Resumen de Novel antimicrobial peptides for therapeutic applications: design, synthesis, characterization, and evaluation of their biological and biophysical activity

Maria del Rosario Segovia Laserna

• After decades of exorbitant antibiotic misuse and overuse in human medicine, agriculture and livestock industry, multidrug resistant bacteria (MDR) have become a major medical concern. In this regard, the design of new, safe, and effective antimicrobials, particularly against Gram-negative bacteria is an urgent need.

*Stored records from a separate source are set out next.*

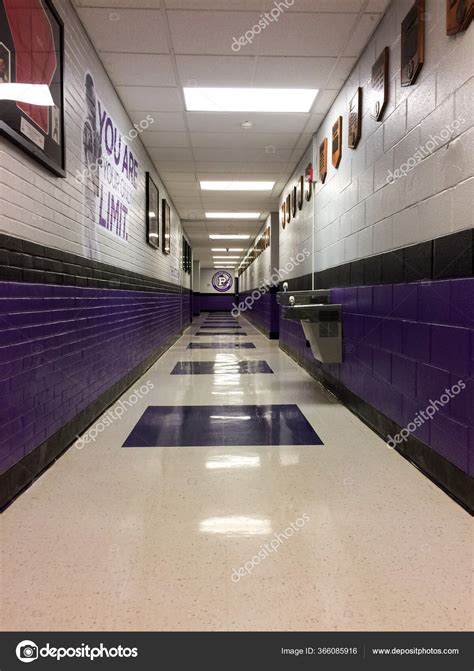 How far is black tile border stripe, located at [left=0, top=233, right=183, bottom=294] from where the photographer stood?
2.02 m

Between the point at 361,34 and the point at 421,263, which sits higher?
the point at 361,34

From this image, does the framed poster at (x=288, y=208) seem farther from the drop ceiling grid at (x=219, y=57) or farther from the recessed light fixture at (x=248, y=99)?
the recessed light fixture at (x=248, y=99)

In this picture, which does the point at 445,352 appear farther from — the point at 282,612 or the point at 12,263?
the point at 12,263

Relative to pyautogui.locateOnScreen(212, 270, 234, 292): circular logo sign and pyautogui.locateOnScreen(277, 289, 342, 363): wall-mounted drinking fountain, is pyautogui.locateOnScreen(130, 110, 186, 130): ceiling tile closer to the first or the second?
pyautogui.locateOnScreen(277, 289, 342, 363): wall-mounted drinking fountain

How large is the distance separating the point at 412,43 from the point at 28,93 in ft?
6.78

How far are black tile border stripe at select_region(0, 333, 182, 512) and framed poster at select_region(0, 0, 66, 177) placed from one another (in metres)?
1.48

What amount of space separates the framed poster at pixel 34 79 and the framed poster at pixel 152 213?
131 inches

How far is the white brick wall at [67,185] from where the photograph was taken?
2.15 meters

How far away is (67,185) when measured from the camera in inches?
116

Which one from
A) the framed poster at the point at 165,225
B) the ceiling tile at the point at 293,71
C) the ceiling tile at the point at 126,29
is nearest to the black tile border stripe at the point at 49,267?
the ceiling tile at the point at 126,29

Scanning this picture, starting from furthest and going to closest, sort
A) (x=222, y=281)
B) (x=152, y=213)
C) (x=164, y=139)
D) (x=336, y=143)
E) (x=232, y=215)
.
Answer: (x=222, y=281)
(x=232, y=215)
(x=152, y=213)
(x=164, y=139)
(x=336, y=143)

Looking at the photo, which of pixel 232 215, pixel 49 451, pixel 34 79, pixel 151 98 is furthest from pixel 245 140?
pixel 232 215

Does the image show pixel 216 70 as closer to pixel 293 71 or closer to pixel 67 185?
pixel 293 71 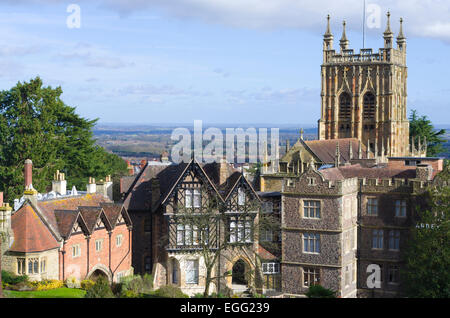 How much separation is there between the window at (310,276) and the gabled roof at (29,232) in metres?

  Polymyxins are antimicrobial lipopeptides, highly active and selective against Gram-negative bacteria which were discovered in 1947, but their use was abandoned in the 1970s due to nephro- and neurotoxicity issues. In the last decades, polymyxins have been rescued as last line therapy in hospitals due to the antibiotic crisis. In that regard, 31 new polymyxin-based compounds were designed, synthesized, and characterized during this work. Furthermore, their biological activity and mechanism of action were evaluated using diverse microbiological and biophysical assays. Finally, two compounds were selected as promising candidates for further development, they presented comparable in vitro and in vivo potency to that displayed by natural polymyxin and outstandingly low nephrotoxic effects in vivo.

  On the other hand, the ability to form pores on bacterial membranes of BP100 was studied. BP100 is an 11-residue antimicrobial peptide derived from the well-known cecropin A and melittin. By studying a series of BP100 analogues with different lengths ranging from 4 to 24 amino acids, it was possible to determine its potential mechanism of action, which consists in a dynamic carpet mechanism, where BP100 gets inserted dynamically into the membrane, perturbating the bilayer, increasing the membrane permeability and ultimately producing the cell death.